The Legend of the Fog

The focus of Inhabit Media is to acquaint modern-day readers with the rich tradition of Inuit storytelling and to ensure that aspects of Inuit oral history are preserved for future generations. Here are two creative publications that pertain to Arctic mythological creatures.

The Legend of the Fog also concerns a monster, though the tone here is definitely more sinister than in The Qalupalik. A young man named Quannguaviniq walks on the tundra, meeting there an enormous tuurngaq, a demonic spirit in the shape of a hideous giant. Fearing that the tuurngaq will kill him, Quannguaviniq lies upon the ground, pretending to be frozen to death. Fooled, the monster carries the man to his family, where they wait for the body to thaw before devouring him. As the family sleeps, Quannguaviniq plans his escape. He beheads the tuurngaq and runs out into the darkness, only to be followed relentlessly by the giant’s terrifying wife. The ever resourceful young man urges her to drink all the water from a river until she explodes. The steam emanating from her body creates a thick fog over the land, this for the very first time.

From the opening sentence, Nunavut storyteller Qaunaq Mikkigak, together with Toronto librarian and author Joanne Schwartz, entrances us with the retelling of this centuries-old Inuit tale. Readers will experience good versus evil, the force of nature and plenty of suspense. Details such as “The cry of the raven pierced the silence. Then it was quiet again,” contribute greatly to the richness of the text.

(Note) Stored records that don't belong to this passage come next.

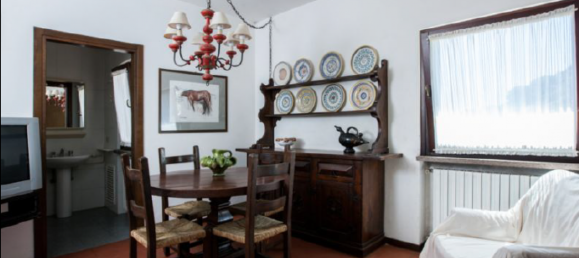 3 Schlafzimmer Villa in Monte Argentario, Italy, Nr. 167829 29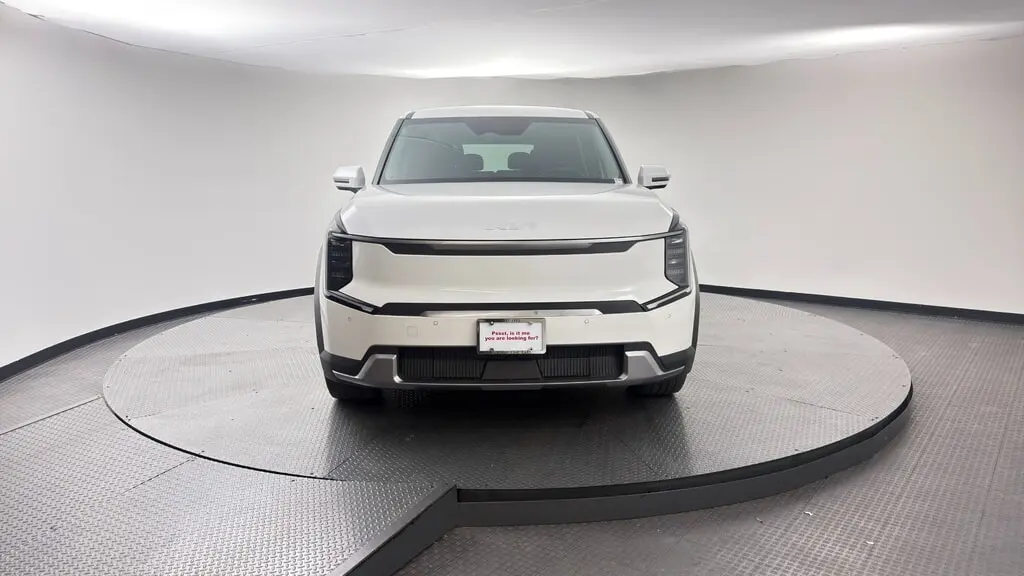 Florida Fine Cars - Used KIA EV9 2024 WEST PALM LIGHT LONG RANGE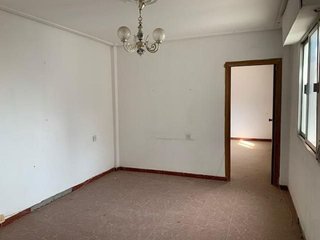 Piso en venta en Centro Ciudad en Linares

Danny Christopher’s digital and watercolour illustrations effectively portray the barren and haunting Arctic environment. Although most of the story takes place at night, Christopher masterfully employs the shards of light radiating from the moonlight and campfire to outline the ghostly setting and characters.

Source: The Canadian Children's Bookcentre. Spring 2012. Volume 35 No. 2.

Canadian Children's  Book Centre
Librarian review

The Legend of the Fog

In this traditional Inuit story, a simple walk on the tundra becomes a life-or-death journey for a young man. When he comes across a giant who wants to take him home and cook him for dinner, the young man’s quick thinking saves him from being devoured by the giant and his family, and in the process, releases the first fog into the world.

Source: The Canadian Children’s Book Centre. Best Books for Kids & Teens. Spring, 2012.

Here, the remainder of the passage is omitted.